Wednesday, July 4, 2012

Health Insurance and Freedom?


    Health Insurance is a highly charged topic because personal decisions and the highest of stakes (life itself) are at the core of the debate. A definition of "health care" is difficult (if not impossible) to define in common with others who may have different values, beliefs and principles in our pluralistic society.  Given the many differences in understanding and the widely variant private behavior this is a subject with strong emotional attachment.  Life altering events can be totally unpredictable (like being hit by a meteor on the way to work) or the consequence of some long term habit that eventually robs a person of an ability to breath (like smoking).  Many life ending events are a mixture of both chance and behavior that leads to a variety of outcomes which confound our sense of fairness and justice.  In the end it is personal behavior and spiritual formation that influence how we face this issue of  "health insurance" and there is no topic that could be more personal or controversial.

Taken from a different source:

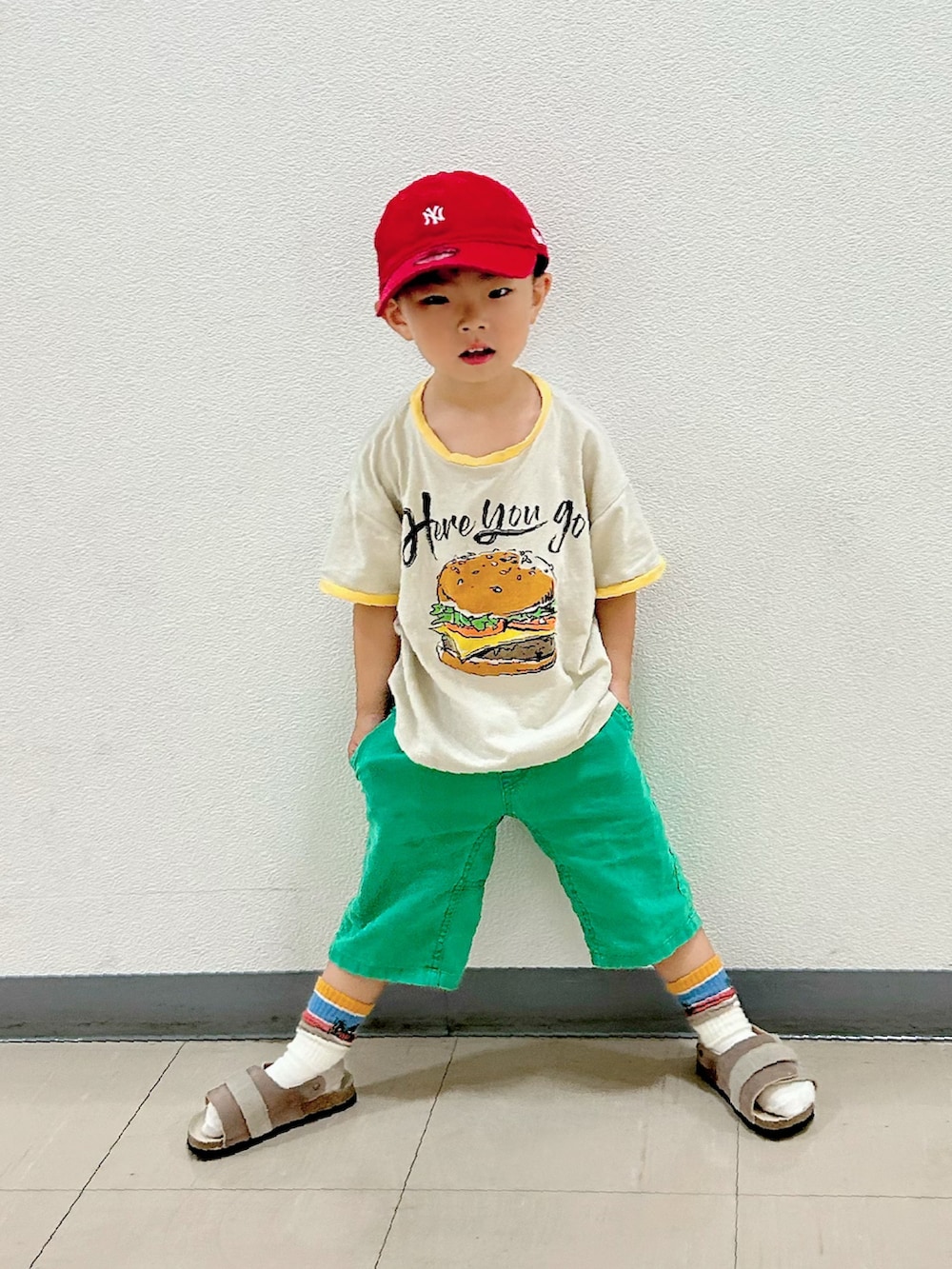 ホワイト系のTシャツ/カットソー、グリーン系のその他パンツ、ブラウン系のショルダーバッグを着用したキッズの夏コーディネートの4枚目の写真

    Some see "Health Insurance" is a financial product that pays for medical costs when our ability to live as fully as we wish is diminished.  A diminished life may mean less than unlimited access to contraception, abortion of the unborn, sterilization, breast enhancement, sex change, sexually arousing drugs, removal of "skin flicks", teeth straightening or the need for cartilage repair due to an sport injury.  "Health Insurance" can be seen by others as resources reserved only for the purpose of extending or saving life.  The very definition of "health care" is a personal issue founded upon widely differing views of our human condition.  It is hardly surprising that a national consensus is difficult with such widely disparate views of what "Health Insurance" should do.  The lack of common vision about the definition of health care is especially true in a country that has a collection of persons from a wide variety of backgrounds, understandings and vision for living.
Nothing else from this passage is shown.